▸ **Task statement**:
Can you quote, word for word, every line from the first line of the records below through the line containing "1976 Baltimore Orioles", and nothing else?

Short text fragments from websites
────
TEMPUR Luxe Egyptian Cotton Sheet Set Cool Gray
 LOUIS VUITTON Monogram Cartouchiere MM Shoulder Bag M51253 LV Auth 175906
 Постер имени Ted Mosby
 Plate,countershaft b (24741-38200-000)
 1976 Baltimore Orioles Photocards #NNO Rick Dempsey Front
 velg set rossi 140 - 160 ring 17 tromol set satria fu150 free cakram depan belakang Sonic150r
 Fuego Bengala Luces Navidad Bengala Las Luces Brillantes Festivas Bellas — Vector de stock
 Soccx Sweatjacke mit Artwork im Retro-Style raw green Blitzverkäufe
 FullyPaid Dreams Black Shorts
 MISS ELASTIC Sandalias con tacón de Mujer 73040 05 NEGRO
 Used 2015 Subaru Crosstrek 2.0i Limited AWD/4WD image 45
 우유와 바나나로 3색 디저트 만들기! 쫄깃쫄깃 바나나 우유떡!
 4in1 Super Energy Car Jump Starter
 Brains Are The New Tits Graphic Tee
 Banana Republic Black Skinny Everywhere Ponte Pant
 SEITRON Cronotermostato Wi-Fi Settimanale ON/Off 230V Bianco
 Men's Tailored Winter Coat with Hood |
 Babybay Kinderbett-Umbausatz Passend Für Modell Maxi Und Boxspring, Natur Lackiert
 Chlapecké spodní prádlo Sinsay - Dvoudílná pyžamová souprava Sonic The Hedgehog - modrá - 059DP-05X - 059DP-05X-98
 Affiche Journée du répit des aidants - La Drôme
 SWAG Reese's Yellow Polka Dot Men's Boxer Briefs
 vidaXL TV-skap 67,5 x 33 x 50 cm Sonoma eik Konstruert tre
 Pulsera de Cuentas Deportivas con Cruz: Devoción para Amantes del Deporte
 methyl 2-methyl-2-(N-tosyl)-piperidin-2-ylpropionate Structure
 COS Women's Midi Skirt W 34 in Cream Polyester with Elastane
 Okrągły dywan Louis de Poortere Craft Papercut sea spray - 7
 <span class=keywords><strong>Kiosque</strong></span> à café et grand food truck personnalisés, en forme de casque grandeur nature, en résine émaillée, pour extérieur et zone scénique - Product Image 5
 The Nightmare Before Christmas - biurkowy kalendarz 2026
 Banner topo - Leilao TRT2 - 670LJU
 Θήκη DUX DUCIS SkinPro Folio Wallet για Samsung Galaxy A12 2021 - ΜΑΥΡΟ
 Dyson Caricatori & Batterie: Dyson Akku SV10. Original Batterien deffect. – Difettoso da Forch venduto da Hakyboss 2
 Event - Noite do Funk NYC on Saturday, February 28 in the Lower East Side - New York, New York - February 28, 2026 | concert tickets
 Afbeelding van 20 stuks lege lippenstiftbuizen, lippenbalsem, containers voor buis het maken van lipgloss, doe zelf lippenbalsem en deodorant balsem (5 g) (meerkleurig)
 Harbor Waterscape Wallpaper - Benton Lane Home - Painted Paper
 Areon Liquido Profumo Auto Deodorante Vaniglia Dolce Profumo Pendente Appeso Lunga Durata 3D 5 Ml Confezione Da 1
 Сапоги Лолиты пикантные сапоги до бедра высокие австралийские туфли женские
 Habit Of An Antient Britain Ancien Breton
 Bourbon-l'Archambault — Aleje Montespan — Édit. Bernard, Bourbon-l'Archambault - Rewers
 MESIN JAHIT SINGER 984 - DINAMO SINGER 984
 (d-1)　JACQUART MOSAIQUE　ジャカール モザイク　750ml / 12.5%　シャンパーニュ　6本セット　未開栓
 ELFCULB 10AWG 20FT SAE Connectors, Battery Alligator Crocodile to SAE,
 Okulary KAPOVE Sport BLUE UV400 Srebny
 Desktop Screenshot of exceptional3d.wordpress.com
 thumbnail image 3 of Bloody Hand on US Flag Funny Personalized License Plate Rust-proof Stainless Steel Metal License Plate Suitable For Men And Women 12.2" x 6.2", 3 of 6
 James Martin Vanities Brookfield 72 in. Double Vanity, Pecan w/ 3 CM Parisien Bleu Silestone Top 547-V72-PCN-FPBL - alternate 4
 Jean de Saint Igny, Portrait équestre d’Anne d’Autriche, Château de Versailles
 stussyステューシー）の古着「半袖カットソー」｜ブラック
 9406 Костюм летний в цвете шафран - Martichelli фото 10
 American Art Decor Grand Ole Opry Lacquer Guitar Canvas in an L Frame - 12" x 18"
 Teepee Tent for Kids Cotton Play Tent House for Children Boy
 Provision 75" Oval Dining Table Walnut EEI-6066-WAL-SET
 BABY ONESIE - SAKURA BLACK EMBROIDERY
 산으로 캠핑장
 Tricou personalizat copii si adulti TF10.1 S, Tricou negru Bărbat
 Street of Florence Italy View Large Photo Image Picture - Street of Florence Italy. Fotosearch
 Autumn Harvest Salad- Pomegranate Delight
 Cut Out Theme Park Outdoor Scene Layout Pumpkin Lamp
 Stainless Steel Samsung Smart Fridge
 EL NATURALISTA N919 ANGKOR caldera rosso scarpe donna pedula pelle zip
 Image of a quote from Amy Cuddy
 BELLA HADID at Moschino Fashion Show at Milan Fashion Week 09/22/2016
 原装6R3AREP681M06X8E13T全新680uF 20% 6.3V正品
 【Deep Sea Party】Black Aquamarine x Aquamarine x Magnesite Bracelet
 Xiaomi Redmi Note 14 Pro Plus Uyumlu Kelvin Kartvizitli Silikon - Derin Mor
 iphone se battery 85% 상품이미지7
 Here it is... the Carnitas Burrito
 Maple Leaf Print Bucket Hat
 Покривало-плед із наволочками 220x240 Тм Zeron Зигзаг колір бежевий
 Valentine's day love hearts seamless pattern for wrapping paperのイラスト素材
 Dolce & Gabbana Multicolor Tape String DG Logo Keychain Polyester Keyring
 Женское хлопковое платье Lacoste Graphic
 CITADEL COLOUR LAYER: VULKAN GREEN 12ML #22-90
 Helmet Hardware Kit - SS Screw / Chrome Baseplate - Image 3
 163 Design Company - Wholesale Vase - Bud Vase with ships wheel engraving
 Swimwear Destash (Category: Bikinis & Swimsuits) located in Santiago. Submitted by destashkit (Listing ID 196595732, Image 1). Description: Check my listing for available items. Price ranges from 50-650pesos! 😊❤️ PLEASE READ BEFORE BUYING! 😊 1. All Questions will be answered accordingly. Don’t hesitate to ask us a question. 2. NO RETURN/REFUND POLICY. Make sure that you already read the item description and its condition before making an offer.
────
▸ **Answer section**:
TEMPUR Luxe Egyptian Cotton Sheet Set Cool Gray
 LOUIS VUITTON Monogram Cartouchiere MM Shoulder Bag M51253 LV Auth 175906
 Постер имени Ted Mosby
 Plate,countershaft b (24741-38200-000)
 1976 Baltimore Orioles Photocards #NNO Rick Dempsey Front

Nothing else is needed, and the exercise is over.